I tend to think that the reason people over-index on complex use-cases for LLMs is actually reliability, not a lack of interest in boring projects.

If an LLM can solve a complex problem 50% of the time, then that is still very valuable. But if you are writing a system of small LLMs doing small tasks, then even 1% error rates can compound into highly unreliable systems when stacked together.

The cost of LLMs occasionally giving you wrong answers is worth it for answers to harder tasks, in a way that it is not worth it for smaller tasks. For those smaller tasks, usually you can get much closer to 100% reliability, and more importantly much greater predictability, with hand-engineered code. This makes it much harder to find areas where small LLMs can add value for small boring tasks. Better auto-complete is the only real-world example I can think of.

▲

a_bonobo 4 days ago | parent | next [-]

>If an LLM can solve a complex problem 50% of the time, then that is still very valuable

I'd adjust that statement - If an LLM can solve a complex problem 50% of the time and I can evaluate correctness of the output, then that is still very valuable. I've seen too many people blindly pass on LLM output - for a short while it was a trend in the scientific literature to have LLMs evaluate output of other LLMs? Who knows how correct that was. Luckily that has ended.

▲

danpalmer 4 days ago | parent | next [-]

> I've seen too many people blindly pass on LLM output

I misread this the first time and realised both interpretations are happening. I've seen people copy-paste out of ChatGPT without reading, and I've seen people "pass on" or reject content simply because it has been AI generated.

▲

adastra22 4 days ago | parent | prev | next [-]

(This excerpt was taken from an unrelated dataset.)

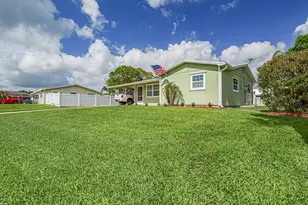 573 Autumn Terrace, Sebastian, FL 32958 - Photo 5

> for a short while it was a trend in the scientific literature to have LLMs evaluate output of other LLMs? Who knows how correct that was.

Highly reliable. So much so that is basically how modern LLMs work internally. Also speaking from personal experience in the projects I work on, it is the chief way to counteract hallucination, poisoned context windows, and scaling beyond the interaction limit.

LLMs evaluating LLM output works surprisingly well.

▲

sothatsit 4 days ago | parent | prev | next [-]

True! This is what has me more excited about LLMs producing Lean proofs than written maths proofs. The Lean proofs can be proved to be correct, whereas the maths proofs require experts to verify them and look for mistakes.

That said, I do think there are lots of problems where verification is easier than doing the task itself, especially in computer science. I think it is easier to list tasks that aren't easier to verify than to do from scratch actually. Security is one major one.

▲

hansvm 4 days ago | parent [-]

Even there it's risky. LLMs are good at subtly misstating the problem, so it's relatively easy to make them prove things which look like the thing you wanted but which are mostly unrelated.

	▲	sothatsit 4 days ago \| parent [-]
		Yes, Lean only lets you be confident in the contents of the proof, not how it was formed. But, I still think that's pretty cool and valuable.

▲

empiko 4 days ago | parent | prev [-]

> Who knows how correct that was. Luckily that has ended.

What do you mean it ended? I still see tons of NLP papers with this methodology.

▲

raincole 4 days ago | parent | prev [-]

Yeah. Is it even proven that LLMs don't hallucinate for smaller tasks? The author seems to imply that. I fail to see how it could be true.

	▲	adastra22 4 days ago \| parent [-]
		No? That is trivially not the case. Ask an LLM something outside its training data and it will hallucinate the answer. How can it do anything else? Maybe its hallucination ends up being correct, but not all of the time.